Monday, November 19, 2012

Tom Wolfe’s California

This is a great article in City Journal about Tom Wolfe's writing about California. Wolfe spent much time on the West Coast delving into what made it tick.

The Second World War brought a massive wave of people to California.

These people, now revered as the “greatest generation,” built modern California. Wolfe’s essay “Two Young Men Who Went West,” the finest short history of the early Silicon Valley ever written, details the cultural baggage that Intel cofounder Robert Noyce brought with him to California from Grinnell, Iowa, after the war:

Noyce was like a great many bright young men and women from Dissenting Protestant families in the Middle West after the Second World War. They had been raised as Baptists, Methodists, Congregationalists, Presbyterians, United Brethren, whatever. They had been led through the Church door and prodded toward religion, but it had never come alive for them. Sundays made their skulls feel like dried-out husks. So they slowly walked away from the church and silently, without so much as a growl of rebellion, congratulated themselves on their independence of mind and headed into another way of life. Only decades later, in most cases, would they discover how, absentmindedly, inexplicably, they had brought the old ways along for the journey nonetheless. It was as if . . . through some extraordinary mistake . . . they had been sewn into the linings of their coats!

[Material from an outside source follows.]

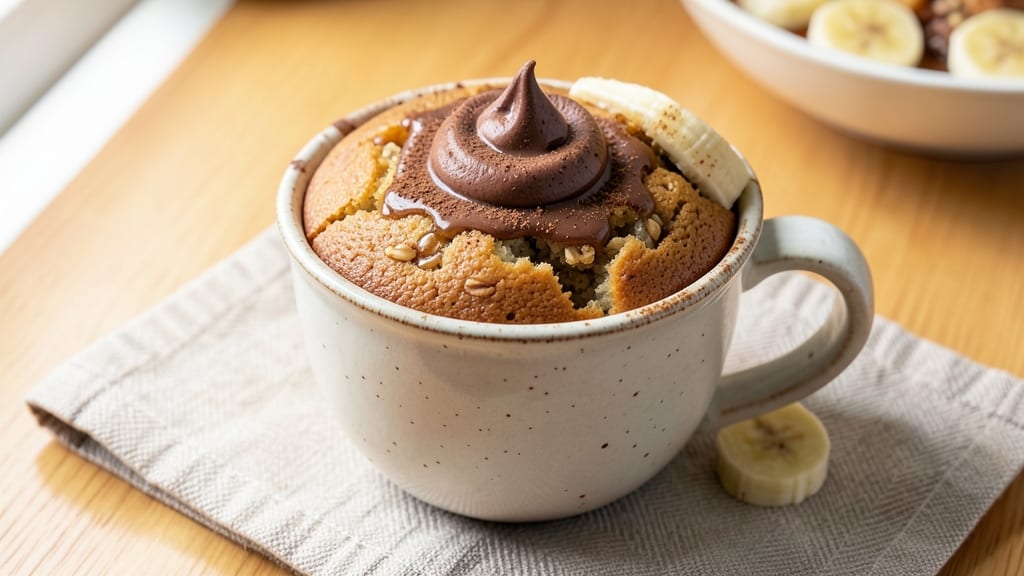 Banana Oat Microwave Mug Cake Recipe: Fudgy Banana Swirl in 5 Minutes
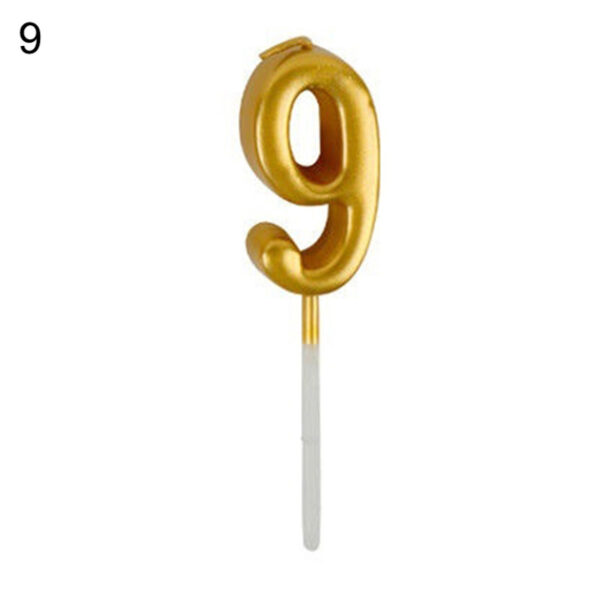 Metallic Number Candle for Cake Golden Digit Candles for Birthday and Anniversary - Image 5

No single paragraph—written by Wolfe or anyone else—better explains the paradox of modern California. It was built from scratch, overnight, at the farthest reaches of the world, land’s end for Western civilization, on a foundation of virtues cultivated and nourished in Old Europe and the American heartland. But something in the character of the place and of the people who chose it drives them restlessly to seek (or invent) new virtues, new modes of living, to sweep aside all that has come before and start over, unencumbered. .. . In hindsight, it’s clear that the virtues sewn into the linings of those coats were at least as instrumental as any quality inherent in the land.

California had the cultural capital of the older dissenting Protestants, as well as the zany inventiveness of the new. I wonder if the postwar boom there was a classic example of the right degree of fluidity: rules or virtues being relaxed, but still present, as has happened before in many creative cities and places. But it is also a transitional state of mind that cannot last, any more than Venetian power or Athenian cultural supremacy.

California's history is fascinating. I read and hugely enjoyed Kevin Starr's Coast of Dreams (postwar history) and California: A History (Modern Library Chronicles) a few years ago while travelling all around the beautiful state.